Да, Беломорье издревле было гнездовьем и оплотом беспоповцев поморского согласия истинной Христовой веры, где учителем был мученик протопоп Аввакум. Да, были века гонений, когда государевы власти, отступившие от истинной церкви, раскололи ее, предали гонениям и костру. Тысячи добрых христиан, верных ревнителей Христа, были вкинуты в огонь императором Петром I и немкою императрицею Екатериной II. Только в Палеострове сожглись добровольно 3500 мучеников. В ответ на сопротивление власти обложили крестьян двойной и тройной невыносимой налогою, притесняли на каждом шагу. Поморцы объявили императора Петра «антихристом Первым» и оказались правы. Лишь в конце девятнадцатого века как-то криво, сумрачно и неискренне церковные власти попросили у староверов прощения за века гонений. Они, конечно же, понимали, что неправы, вздев на грудь крестьянина ярмо чужой веры, что жуткая печать раскола отныне лежит на их совести: это Никонова церковь повинна в многочисленных русских гарях, когда, не в силах отказаться от правоверия, истинные христиане пошли в костер, на великие добровольные муки, этим трагическим актом доказывая силу поморского духа и искренность настоящей русской веры. Это был воистину высокий национальный подвиг во имя русского Христа, с визгом осмеянный прислугою двора и чиновниками от церкви. Но этот подвиг добровольной жертвы повторили русичи в мировой схватке с сатаною в 1941-м, когда бросались с гранатою под танк, закрывали телом амбразуру, направляли самолет на вражеский эшелон, таранили истребитель противника.
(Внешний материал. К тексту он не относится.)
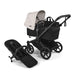 BUGABOO DONKEY 6 MONO COMPLETE SINGLE-TO-DOUBLE STROLLER . BLACK MISTY WHITE DOUBLE STROLLER BUGABOO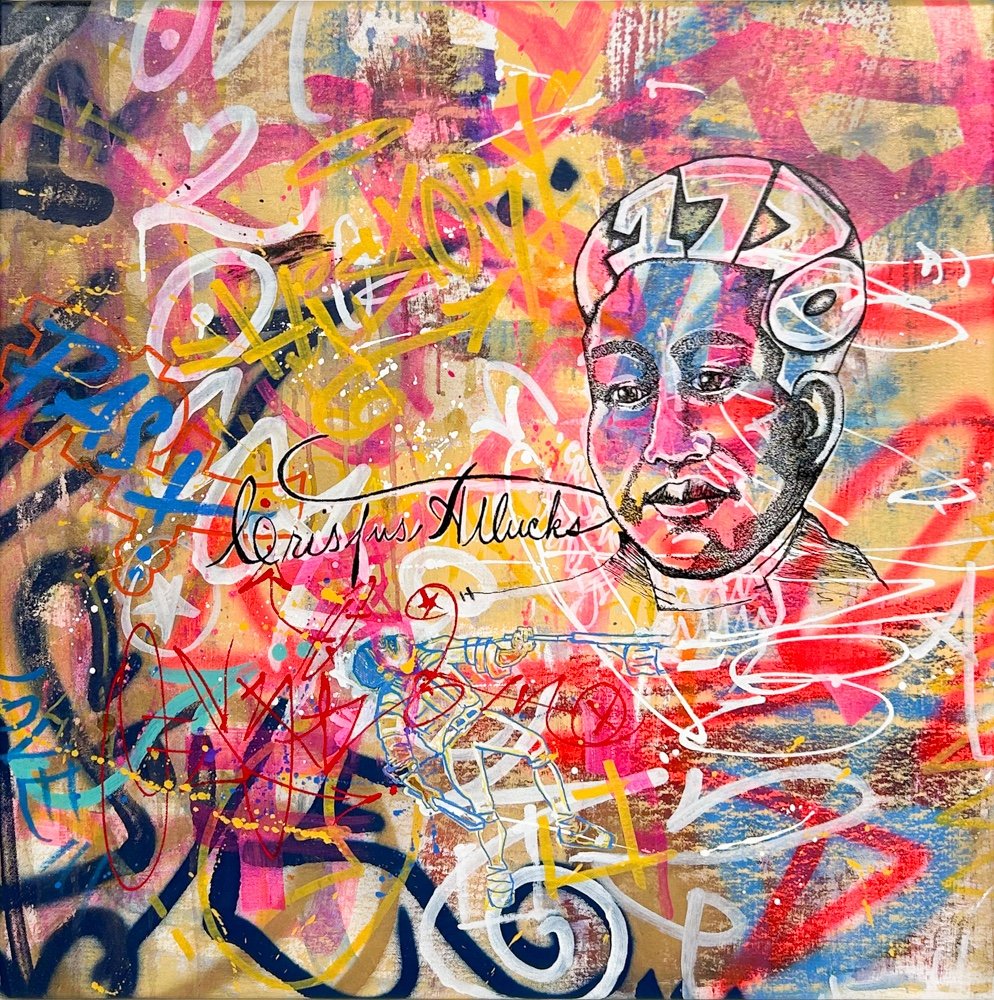 SEN-1 Crispus Attucks Tribute, abstract graffiti style painting in tribute to Crispus Attucks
Еще в XVI веке поморские староверы почуяли гибельную сладость «ереси ветхозаветников», что в XV веке захватила фарисейскими речами княжеский великий стол, и новые еретики так плотно окопались под сенью престола, что и через пятьсот лет после смерти Ивана Васильевича Грозного не сыскалось в Москве той силы, чтобы совладать с сатанинской гидрою, прогнать вон в Боровицкие ворота…
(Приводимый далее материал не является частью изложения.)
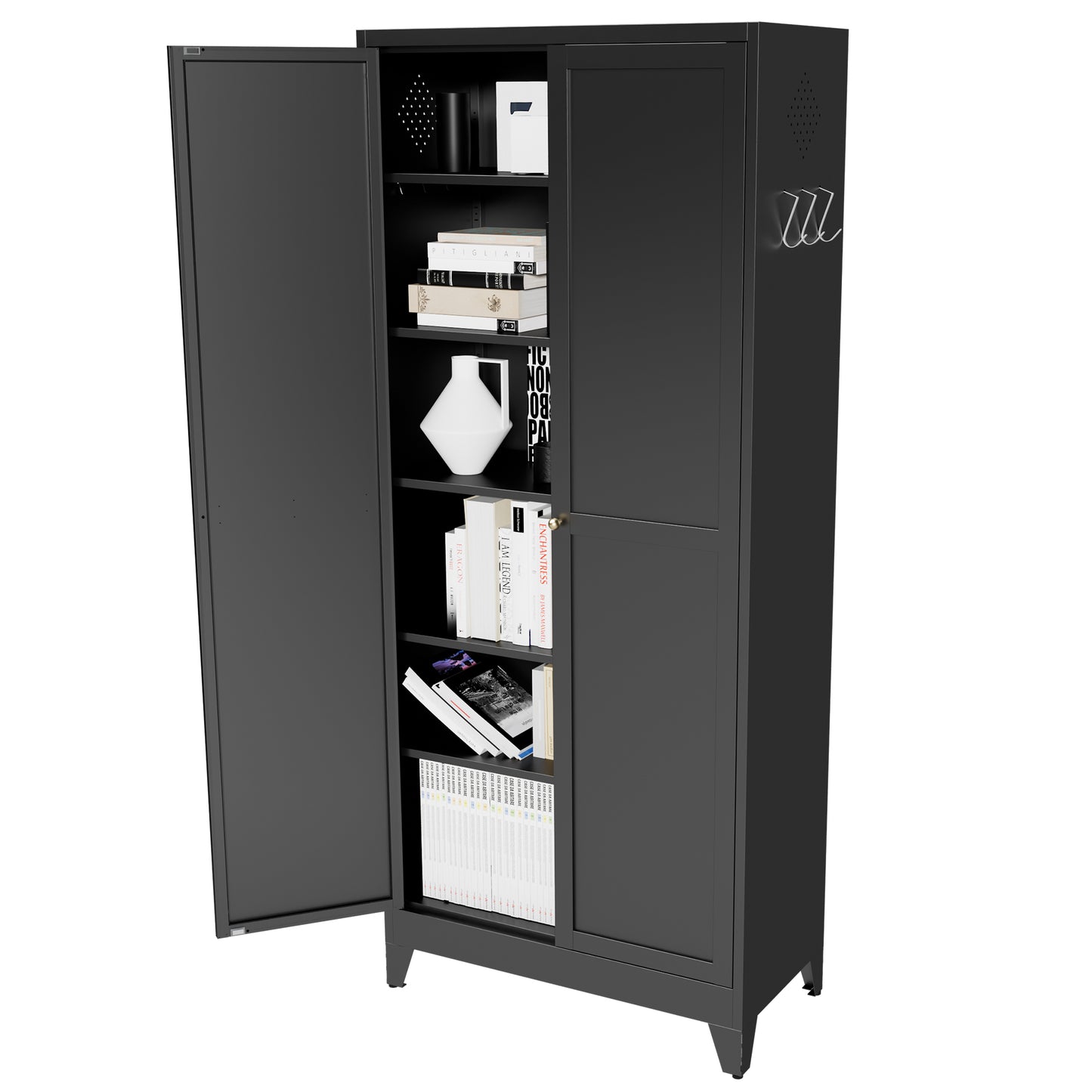 75" Black Metal Kitchen Pantry Cabinet Adjustable Storage with 5 Shelves (180lb Capacity), Freestanding Kitchen Storage Cabinet with Adjustable Shelves, Dishware in Kitchen, Pantry, Dining Room image 10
Мне вдруг показалось, что Максимов написал о Мезени как-то зло, без капли жалости, как бы затворив для нее свою грудь: подобного от него я раньше не замечал. И вот, перечитывая, получил ожог души: «Все бедное событиями прошедшее города Мезени, который мрачно глядит теперь своими полуразрушенными домами, своими полусгнившими, непочиненными церквями. Ряды домов, брошенных без всякой симметрии и порядка, наводят тоску. Все почти дома пошатнулись на сторону и в некоторых местах даже надломились посередине и покосились в противоположные стороны. Съезды, выходящие по обыкновению всех русских деревень на улицу, здесь обломились и погнили: ворота, которые давно когда-то выпускали на эти съезды бойкую лошаденку когда-то на улицу из породы мезенок, как-то глупо, бесцельно торчат высоко под крышей и наглухо заколочены. Навесы над длинными задворьями обломились и самые стены этих дворов рухнули, сгнили, а может быть, и истреблены в топливе. Мостки возле домов также погнили и, непоправленные, провалились… Банями глядят дома бедняков, остатками Мамаева разгрома-дома более достаточных; но три кабака новеньких: но казначейство непременно каменное… По улицам бродят с саночками самоедки, с детьми в рваных малицах¸ вышедшие от крайней бедности на «едому». Из туземцев не видать ни души: может быть, холод, закрутивший 28 градусов, тому причиной…» (С.В. Максимов, 1856 год).